Sterling nears €1.15 vs Euro

Sterling has continued to perform well and today has risen further, hitting €1.1470 vs the Euro, and $1.2470 vs the US Dollar. Yesterday morning GBP/EUR was at €1.11 so this pair has recent by 3% since yesterday, and the Pound is now the best performing major currency over the last 7 days

Why is the Pound rising?


Pick up a copy of the Guardian or read the BBC website, and you would be forgiven for thinking that the UK has almost no economic future outside of the EU, and in voting to leave has relegated itself to a minor economy, no longer a major economy with clout on the world stage. However when you step away from the left wing press, you see a different story. The UK economy is proving resilient and performing very well in the wake of the vote to leave the EU. The UK economy is the 5th largest in the world, and there is no reason that the Pound was weak other than uncertainty in the financial markets causing investors to sell of the Pound. Now however, the Pound is bouncing back, and it seems that Trump in the White House is helping the Pound.

As Reuters pointed out in a recent article, perhaps the UK Brexit vote is no longer being viewed as an 'outlier' vote, and perhaps the beginning of a shift towards more populist voting. Consider then that Italy has a referendum next month, and Germany and France have elections next year, and there is a chance that there will be similar populist votes in these elections in the EU, which may weaken the Euro. The EU has it's own problems, with almost zero growth and youth unemployment in some countries at a staggering 50%.  What you are also unlikely to hear in the liberal press is that since the introduction of the Euro, our trade with the EU has fallen from 61% to 43% and continues to fall. The majority of our trade is outside of the EU then, and that is only likely to increase as soon as we are able to make trade deals with the USA, China and other nations, something we are presently unable to do under EU rules. The EU share of GDP has been steadily falling and the IMF forecast it will be 10% by the end of the decade.

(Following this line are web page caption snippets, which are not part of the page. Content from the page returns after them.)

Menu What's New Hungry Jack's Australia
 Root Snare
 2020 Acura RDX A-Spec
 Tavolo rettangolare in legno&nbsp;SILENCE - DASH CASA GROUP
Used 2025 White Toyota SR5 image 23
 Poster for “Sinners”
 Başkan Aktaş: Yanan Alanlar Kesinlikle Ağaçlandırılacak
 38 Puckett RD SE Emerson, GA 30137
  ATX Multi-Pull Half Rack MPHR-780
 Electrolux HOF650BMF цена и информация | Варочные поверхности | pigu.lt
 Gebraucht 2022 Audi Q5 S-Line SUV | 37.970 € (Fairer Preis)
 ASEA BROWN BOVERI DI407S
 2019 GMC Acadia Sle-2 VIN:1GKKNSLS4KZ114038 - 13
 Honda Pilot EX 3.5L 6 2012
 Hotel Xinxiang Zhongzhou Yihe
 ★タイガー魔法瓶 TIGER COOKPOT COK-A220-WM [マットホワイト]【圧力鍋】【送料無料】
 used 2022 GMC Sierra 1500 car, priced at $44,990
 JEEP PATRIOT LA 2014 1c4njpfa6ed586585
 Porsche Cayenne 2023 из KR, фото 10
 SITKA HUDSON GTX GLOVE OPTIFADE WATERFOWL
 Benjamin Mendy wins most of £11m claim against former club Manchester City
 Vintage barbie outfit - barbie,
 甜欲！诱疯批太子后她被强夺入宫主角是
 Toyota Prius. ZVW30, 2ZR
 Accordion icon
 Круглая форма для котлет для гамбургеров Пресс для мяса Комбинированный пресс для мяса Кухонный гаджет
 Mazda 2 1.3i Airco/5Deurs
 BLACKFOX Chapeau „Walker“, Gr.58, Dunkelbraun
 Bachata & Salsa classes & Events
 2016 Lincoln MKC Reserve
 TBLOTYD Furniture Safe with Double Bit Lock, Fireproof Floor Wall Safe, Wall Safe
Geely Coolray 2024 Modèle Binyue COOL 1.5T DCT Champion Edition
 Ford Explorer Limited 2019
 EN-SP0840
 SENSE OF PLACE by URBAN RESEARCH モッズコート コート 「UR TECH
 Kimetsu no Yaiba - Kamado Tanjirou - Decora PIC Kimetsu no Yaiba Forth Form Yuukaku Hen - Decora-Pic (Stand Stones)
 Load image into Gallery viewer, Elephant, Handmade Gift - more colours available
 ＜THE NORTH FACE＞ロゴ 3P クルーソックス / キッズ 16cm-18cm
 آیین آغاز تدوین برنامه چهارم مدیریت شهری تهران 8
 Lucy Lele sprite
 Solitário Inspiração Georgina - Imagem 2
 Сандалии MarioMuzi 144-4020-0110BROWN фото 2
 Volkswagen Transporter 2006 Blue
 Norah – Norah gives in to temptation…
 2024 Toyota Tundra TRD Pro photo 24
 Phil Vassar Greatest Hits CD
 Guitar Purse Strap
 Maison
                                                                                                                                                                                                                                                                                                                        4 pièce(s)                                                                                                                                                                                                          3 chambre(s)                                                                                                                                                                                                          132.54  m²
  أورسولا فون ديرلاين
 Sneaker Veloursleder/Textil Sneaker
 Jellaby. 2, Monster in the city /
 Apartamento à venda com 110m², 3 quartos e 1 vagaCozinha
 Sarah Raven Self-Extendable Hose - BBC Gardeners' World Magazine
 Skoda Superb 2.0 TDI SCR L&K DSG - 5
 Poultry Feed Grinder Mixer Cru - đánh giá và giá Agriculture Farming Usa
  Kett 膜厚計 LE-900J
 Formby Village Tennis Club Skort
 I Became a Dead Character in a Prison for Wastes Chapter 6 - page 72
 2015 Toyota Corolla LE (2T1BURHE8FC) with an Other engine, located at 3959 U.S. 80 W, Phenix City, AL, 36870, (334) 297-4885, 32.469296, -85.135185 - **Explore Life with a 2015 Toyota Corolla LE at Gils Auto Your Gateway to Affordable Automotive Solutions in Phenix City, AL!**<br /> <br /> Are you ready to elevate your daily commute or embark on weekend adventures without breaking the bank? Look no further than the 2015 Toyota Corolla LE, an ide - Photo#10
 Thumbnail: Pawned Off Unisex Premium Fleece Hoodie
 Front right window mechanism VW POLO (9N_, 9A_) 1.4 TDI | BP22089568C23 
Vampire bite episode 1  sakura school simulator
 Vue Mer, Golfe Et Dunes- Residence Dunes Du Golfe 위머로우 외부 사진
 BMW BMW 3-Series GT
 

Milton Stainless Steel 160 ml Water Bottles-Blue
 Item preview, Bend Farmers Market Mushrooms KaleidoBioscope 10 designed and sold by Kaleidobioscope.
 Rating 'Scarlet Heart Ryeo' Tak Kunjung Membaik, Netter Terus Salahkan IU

Perhaps then a future outside of the EU will be positive for Great Britain, however the road is a long one, and most forecasts still suggest that the Pound will weaken when article 50 is invoked, so don't expect these gains to continue.

In the here and now however, there are much better opportunities for those that need to convert Sterling to Euros or indeed other major international currencies. Maybe rates will rise further, but there's no way to second guess movements in the currency markets. Strategists at HSBC are still predicting that GBP/USD rates will drop to $1.10 next year, and most analysts still seem to be predicting further weakness for the Pound.